The problem
Transcribe exactly everything in the data below from the line containing "Ralph Lauren - Renewed Sweatshirt (XXS)" down to the line containing "PRASCO ME3054142 Blinkleuchte", both lines included and nothing further.
═══
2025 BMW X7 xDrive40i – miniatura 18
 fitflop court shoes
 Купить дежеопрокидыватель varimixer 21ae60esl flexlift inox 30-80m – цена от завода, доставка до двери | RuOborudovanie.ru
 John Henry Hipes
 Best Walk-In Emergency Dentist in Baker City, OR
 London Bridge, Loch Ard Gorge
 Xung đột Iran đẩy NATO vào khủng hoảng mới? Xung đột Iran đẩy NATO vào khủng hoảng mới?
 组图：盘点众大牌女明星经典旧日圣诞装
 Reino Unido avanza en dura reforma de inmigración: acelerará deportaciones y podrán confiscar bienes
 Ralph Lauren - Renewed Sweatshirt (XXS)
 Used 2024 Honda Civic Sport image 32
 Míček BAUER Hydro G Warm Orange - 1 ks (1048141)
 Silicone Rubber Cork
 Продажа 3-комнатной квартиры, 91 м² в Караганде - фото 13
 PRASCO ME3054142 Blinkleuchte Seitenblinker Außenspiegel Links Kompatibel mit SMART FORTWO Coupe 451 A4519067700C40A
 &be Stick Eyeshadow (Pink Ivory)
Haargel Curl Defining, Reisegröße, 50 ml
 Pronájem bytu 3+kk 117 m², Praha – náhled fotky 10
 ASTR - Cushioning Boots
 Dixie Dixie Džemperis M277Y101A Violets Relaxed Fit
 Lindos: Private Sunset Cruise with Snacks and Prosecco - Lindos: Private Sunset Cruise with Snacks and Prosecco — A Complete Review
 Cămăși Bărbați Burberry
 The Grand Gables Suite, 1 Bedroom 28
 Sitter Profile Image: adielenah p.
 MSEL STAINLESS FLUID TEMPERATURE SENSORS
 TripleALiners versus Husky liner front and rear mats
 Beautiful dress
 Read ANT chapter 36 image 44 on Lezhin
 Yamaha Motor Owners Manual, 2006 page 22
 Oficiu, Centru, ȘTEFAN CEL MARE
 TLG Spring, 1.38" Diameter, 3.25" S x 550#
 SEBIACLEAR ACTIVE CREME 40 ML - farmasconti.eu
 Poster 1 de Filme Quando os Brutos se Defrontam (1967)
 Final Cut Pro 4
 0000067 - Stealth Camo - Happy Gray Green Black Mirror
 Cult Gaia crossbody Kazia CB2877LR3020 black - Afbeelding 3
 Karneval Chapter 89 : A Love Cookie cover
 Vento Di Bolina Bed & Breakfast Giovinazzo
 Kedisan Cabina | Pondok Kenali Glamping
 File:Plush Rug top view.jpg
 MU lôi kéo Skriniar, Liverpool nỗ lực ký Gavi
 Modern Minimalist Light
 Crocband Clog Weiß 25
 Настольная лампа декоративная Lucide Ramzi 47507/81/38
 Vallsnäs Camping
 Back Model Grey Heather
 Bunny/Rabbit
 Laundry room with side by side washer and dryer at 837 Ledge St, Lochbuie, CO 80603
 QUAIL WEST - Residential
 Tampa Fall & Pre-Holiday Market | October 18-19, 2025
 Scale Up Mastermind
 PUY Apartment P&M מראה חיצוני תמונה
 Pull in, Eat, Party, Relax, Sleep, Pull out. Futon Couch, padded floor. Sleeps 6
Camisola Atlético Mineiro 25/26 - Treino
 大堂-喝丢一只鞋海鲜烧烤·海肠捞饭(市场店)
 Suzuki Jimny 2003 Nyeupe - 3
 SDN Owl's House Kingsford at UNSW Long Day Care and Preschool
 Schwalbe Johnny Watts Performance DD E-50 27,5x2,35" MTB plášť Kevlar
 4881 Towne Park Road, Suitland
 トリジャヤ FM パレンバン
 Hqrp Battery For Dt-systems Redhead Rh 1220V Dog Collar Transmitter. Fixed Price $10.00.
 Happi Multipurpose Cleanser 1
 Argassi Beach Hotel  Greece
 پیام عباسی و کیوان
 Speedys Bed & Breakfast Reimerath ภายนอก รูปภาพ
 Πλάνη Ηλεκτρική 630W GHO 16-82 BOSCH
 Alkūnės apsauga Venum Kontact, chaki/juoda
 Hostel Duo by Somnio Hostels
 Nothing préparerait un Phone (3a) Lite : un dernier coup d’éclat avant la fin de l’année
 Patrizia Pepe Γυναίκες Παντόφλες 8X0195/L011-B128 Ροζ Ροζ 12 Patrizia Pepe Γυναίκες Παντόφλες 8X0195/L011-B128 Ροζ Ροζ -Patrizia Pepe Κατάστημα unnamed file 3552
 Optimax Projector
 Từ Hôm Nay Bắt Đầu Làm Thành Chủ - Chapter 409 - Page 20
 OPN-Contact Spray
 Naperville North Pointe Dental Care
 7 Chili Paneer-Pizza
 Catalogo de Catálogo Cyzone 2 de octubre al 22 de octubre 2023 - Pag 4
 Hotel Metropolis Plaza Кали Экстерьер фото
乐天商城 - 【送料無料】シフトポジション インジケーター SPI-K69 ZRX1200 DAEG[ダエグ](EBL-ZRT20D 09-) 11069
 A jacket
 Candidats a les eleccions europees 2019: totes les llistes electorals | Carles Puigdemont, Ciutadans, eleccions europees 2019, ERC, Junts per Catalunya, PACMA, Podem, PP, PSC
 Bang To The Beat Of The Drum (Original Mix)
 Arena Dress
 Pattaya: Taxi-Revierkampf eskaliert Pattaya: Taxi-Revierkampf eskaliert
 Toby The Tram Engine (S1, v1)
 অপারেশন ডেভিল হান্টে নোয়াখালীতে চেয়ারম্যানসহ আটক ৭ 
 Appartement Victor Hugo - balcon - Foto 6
═══
Problem solution
 Ralph Lauren - Renewed Sweatshirt (XXS)
 Used 2024 Honda Civic Sport image 32
 Míček BAUER Hydro G Warm Orange - 1 ks (1048141)
 Silicone Rubber Cork
 Продажа 3-комнатной квартиры, 91 м² в Караганде - фото 13
 PRASCO ME3054142 Blinkleuchte Seitenblinker Außenspiegel Links Kompatibel mit SMART FORTWO Coupe 451 A4519067700C40A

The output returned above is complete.